Observational Overview of Active Galactic Nuclei

In this section, Neil Brandt from Penn State University introduces the topic of active Galactic nuclei and provides an overview of the material to be covered in the lectures.

Introduction to Active Galactic Nuclei Books

  • Recommended book by Hagay Netzer on the physics and evolution of active Galactic nuclei.
  • Other useful books include those by Brad Peterson, Julian Krolik, and Osterbrock & Ferland.

Focus and Scope of Lectures

  • The lectures will focus on observational aspects rather than detailed theoretical calculations.
  • Acknowledgment that covering every aspect comprehensively is impossible due to the vastness of the field.

Approach to Covering Material

  • Aim to present main ideas efficiently without delving into every technical detail.
  • Encouragement for further exploration through additional literature reading.

Early History and Discoveries in Active Galactic Nuclei Studies

This part delves into the early history of active Galactic nuclei studies, highlighting key discoveries and researchers in the field.

Early Observations by Edward Fath (1908)

  • Edward Fath's observation of strong emission lines from hydrogen, oxygen, and neon in NGC 1068's nuclear spectrum.

Milestones in Understanding Active Galactic Nuclei

  • General relativity's development (1915), Swarzschild solution (1916), and Vesto Slipher's observations on NGC 1068's emission lines.

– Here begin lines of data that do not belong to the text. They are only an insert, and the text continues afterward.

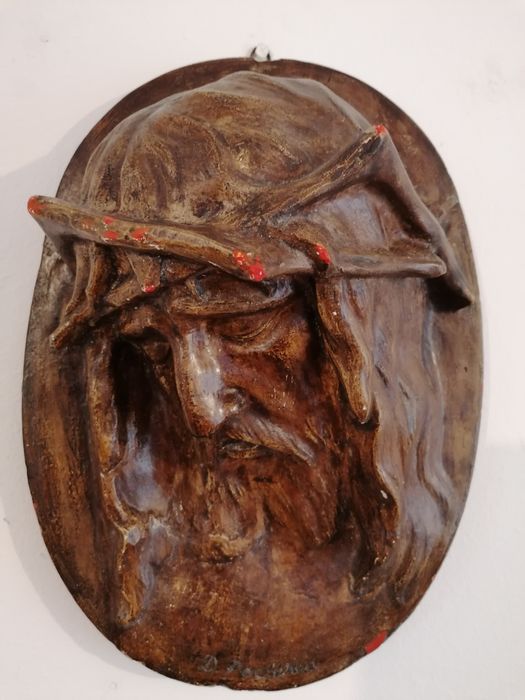 Basorelief Dimitrie Paciurea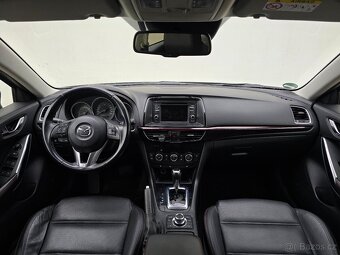 Mazda 6 2.2 skyactiv Sportline - 14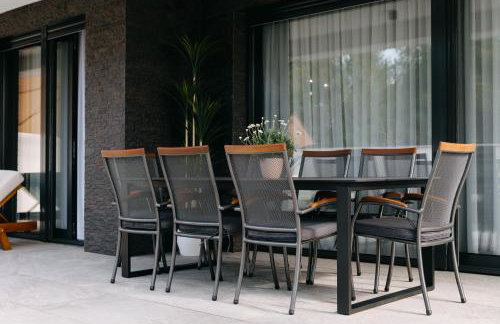 Luxury Villa Vesper- Heated Pool, Hot Tub, Rooftop terrace, Gym - Foto 19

Heber Curtis' Discovery (1918)

  • Heber Curtis' identification of a relativistic jet originating from M87's core as a significant early discovery.

Edwin Hubble's Contributions (1924 - 1929)

History of Active Galactic Nuclei Discovery

This section delves into the historical timeline of significant discoveries related to active galactic nuclei, starting from amateur radio astronomers to the identification of powerful radio sources and high redshift quasars.

1939: Discovery of Radio Source Signus A

  • In 1939, an amateur radio astronomer discovered the radio source Signus A, a powerful radio-emitting AC galaxy.

1943: Carl Safer's Contribution

  • Carl Safer extended previous works, highlighting galaxies with strong broad emission lines and exceptional luminosity.

1954: Walter Baade and Rudolph Minkowski's Findings

  • Baade and Minkowski identified Signus A's counterpart and measured its redshift at 0.0057, a notable feat for that era.

1963: Martin Schmidt's Discovery

  • Martin Schmidt discovered 3C273, a high-redshift quasar challenging existing spectral understanding.

1964-1968: Speculations on Black Holes in Quasars

  • Zeldovich, Naov, and Saul Peter speculated about black holes powering quasars in 1964.
  • The term "black hole" gained popularity in 1967.
  • Donald Lynden-Bell proposed the presence of supermassive black holes in galactic nuclei in 1968.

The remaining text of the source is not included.